**REQUIRED WORK**
In the entries below, find the line with "JBL Grip Portable Bluetooth Speaker –" and the line with "Arc Front Brake", then retype both and everything between them exactly. Do not copy the pictures.

**DATASET RECORDS**
——————

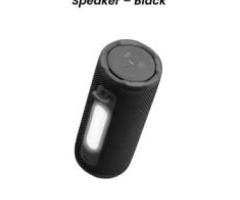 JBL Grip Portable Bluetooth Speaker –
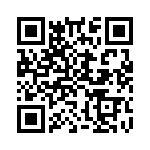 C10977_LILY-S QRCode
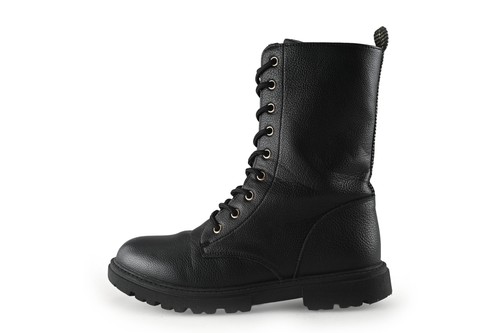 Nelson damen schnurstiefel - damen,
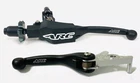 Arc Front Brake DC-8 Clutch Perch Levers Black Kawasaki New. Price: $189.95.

——————

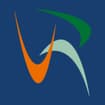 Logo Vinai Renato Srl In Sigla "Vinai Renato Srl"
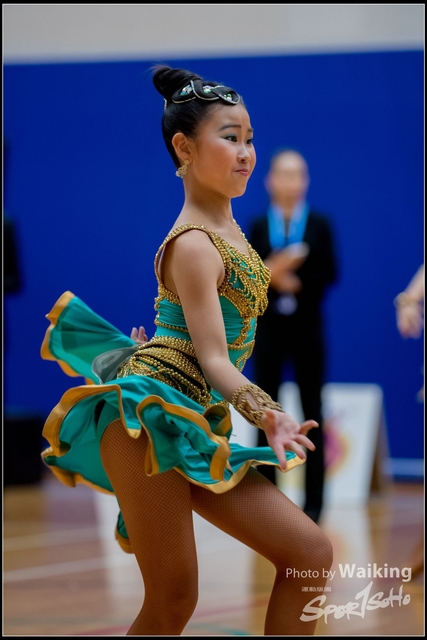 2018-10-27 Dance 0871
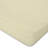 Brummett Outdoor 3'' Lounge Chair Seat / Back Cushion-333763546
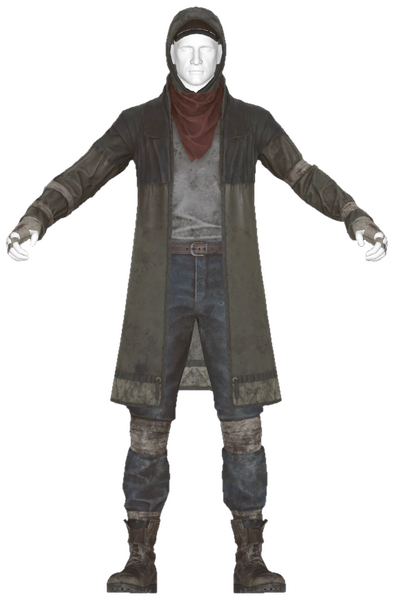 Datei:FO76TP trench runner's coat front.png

——————

**EXERCISE ANSWER**
 JBL Grip Portable Bluetooth Speaker –
 C10977_LILY-S QRCode
 Nelson damen schnurstiefel - damen,
 Arc Front Brake DC-8 Clutch Perch Levers Black Kawasaki New. Price: $189.95.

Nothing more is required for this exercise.